Deluxe Corp's Chief Technology & Digital Officer, Jeyaprakasam Yogaraj, reported equity award activity. On February 19, 2026, 10,265 restricted stock units vested and were converted on a one-for-one basis into 10,265 shares of common stock under the company’s stock incentive plan.
To cover tax liabilities from this vesting, 4,162 common shares were withheld at $27.32 per share in a tax-withholding disposition. After these transactions, Yogaraj directly holds 98,812.06 common shares and 20,530 restricted stock units, which vest in equal one-third increments on the first three anniversaries of the grant date, contingent on continued employment.

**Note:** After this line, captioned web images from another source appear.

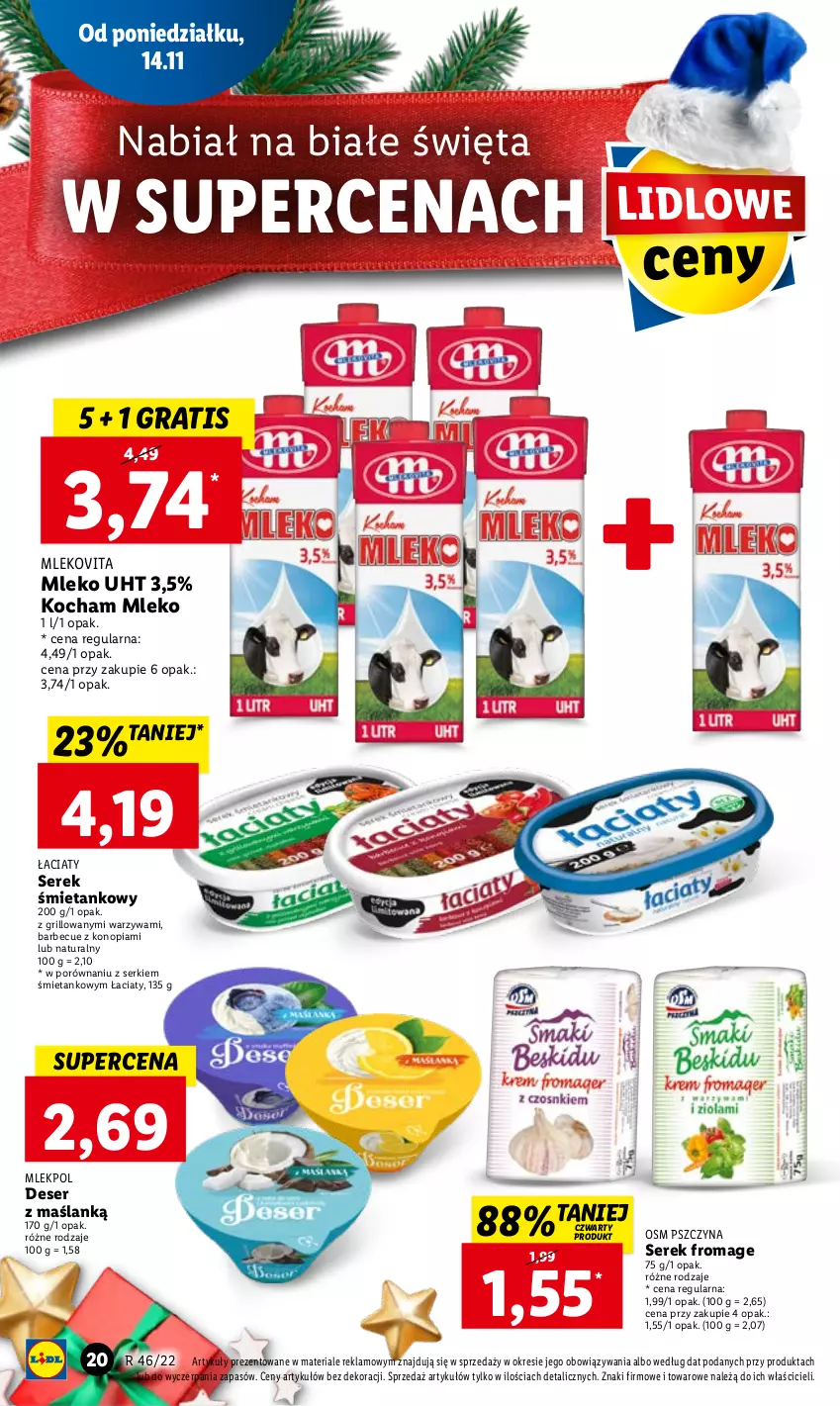 Gazetka promocyjna Lidl - GAZETKA - ważna 14.11 do 16.11.2022 - strona 30 - produkty: Deser, Gra, Grill, Koc, Mleko, Mlekovita, Por, Ser, Serek, Warzywa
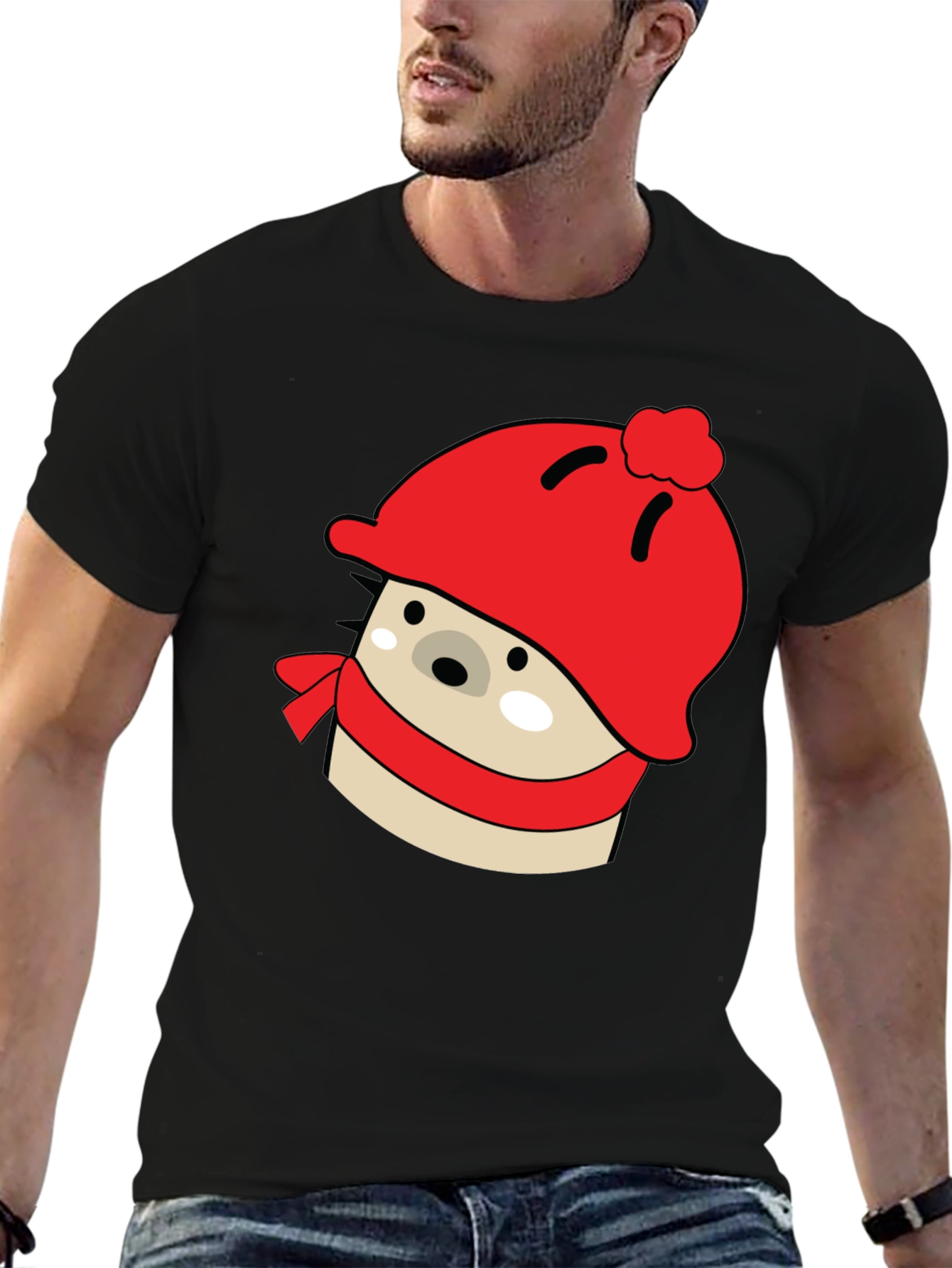 Cute Winter Hedgehog Graphic Tee - Black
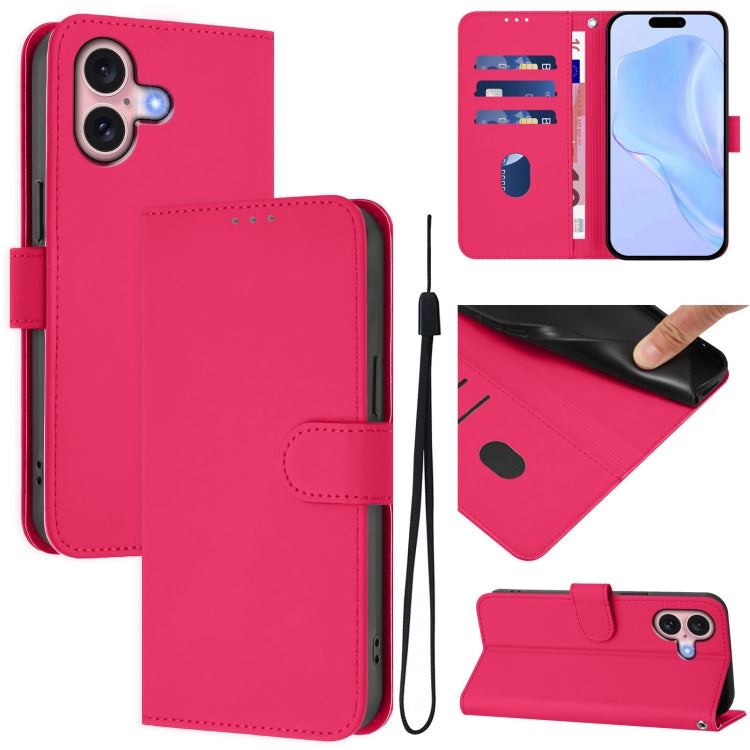 Skin Feel Solid Color Leather Phone Case with Lanyard, For iPhone 16, For iPhone 15 Pro Max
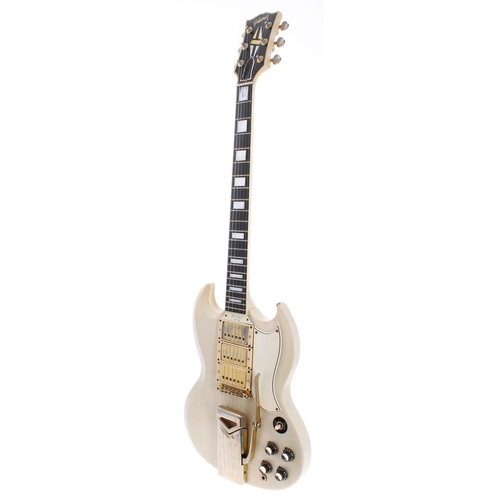 90 - 1961 Gibson Les Paul Custom (SG body) electric guitar, made in USA; Body: white refinish, various di... 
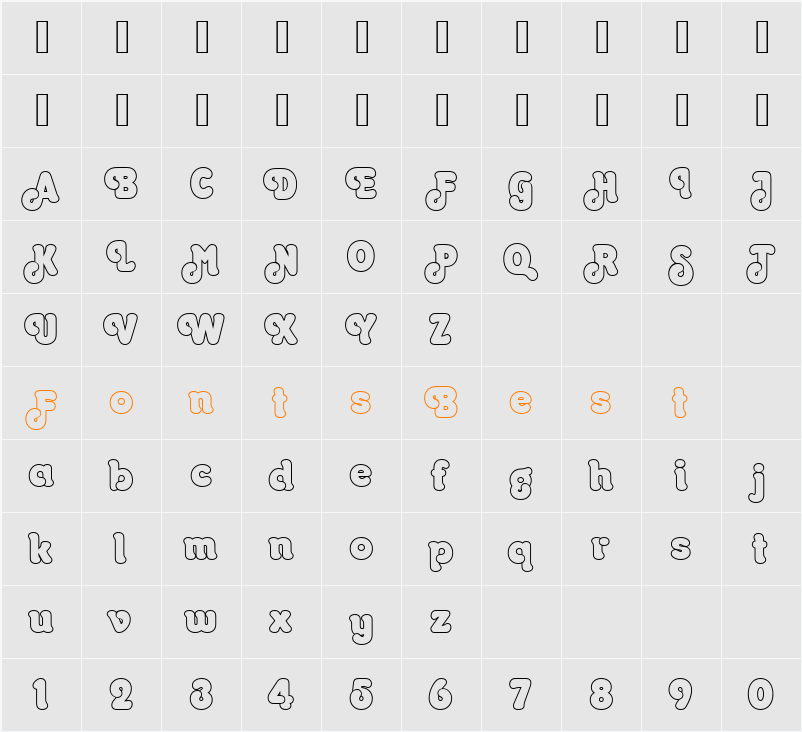 URWOrontiusOutP Character Map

Deluxe Corp senior vice president and chief financial officer William C. Zint reported equity award activity tied to restricted stock units. On February 19, 2026, 11,198 restricted stock units vested and converted on a one-for-one basis into common shares at no cash exercise price.
To cover tax liabilities from this vesting, 4,988 common shares were withheld at a price of $27.32 per share. After these transactions, Zint directly owned 55,889 shares of Deluxe common stock. The restricted stock units were granted under the company’s stock incentive plan and vest in three equal annual installments, generally contingent on continued employment.
Deluxe Corp SVP, CAO and General Counsel Jeffrey Louis Cotter reported multiple equity compensation transactions involving restricted stock units (RSUs) and common stock. On February 14–16, he exercised RSUs into common shares in several steps, including 7,937, 6,394, and 2,891 RSUs converting on a one-for-one basis into common stock at a price of $0.00 per share.
On each date, a portion of the newly vested shares, including 3,906, 3,146, and 1,423 shares, was disposed of at $26.21 per share to satisfy tax liabilities associated with vesting, as described in the footnotes. After these equity compensation and tax-withholding transactions, Cotter directly owned 63,824 shares of Deluxe common stock.
Deluxe Corp's Chief Technology & Digital Officer, Jeyaprakasam Yogaraj, reported equity award activity involving restricted stock units (RSUs) and common stock. On February 14 and 15, 2026, RSUs previously granted under the company’s stock incentive plan vested and converted one-for-one into a total of 15,192 shares of common stock.
In connection with these vestings, a total of 6,160 shares of common stock were withheld at $26.21 per share to satisfy tax liabilities, described as payment of tax obligations by delivering shares rather than an open-market sale. After these transactions, Yogaraj directly holds about 92,709 shares of Deluxe common stock.
DELUXE CORP senior vice president Tracey G. Engelhardt reported routine equity compensation activity. On February 14–16, 2026, restricted stock units vested and converted one-for-one into common shares in several blocks of 10,231, 10,025 and 3,083 shares, consistent with the company’s stock incentive plan.
To cover tax liabilities tied to these vestings, Engelhardt disposed of 4,272, 4,186 and 1,288 common shares at $26.21 per share through share withholding, rather than open-market sales. After these transactions, direct ownership stood at 107,869.59 common shares.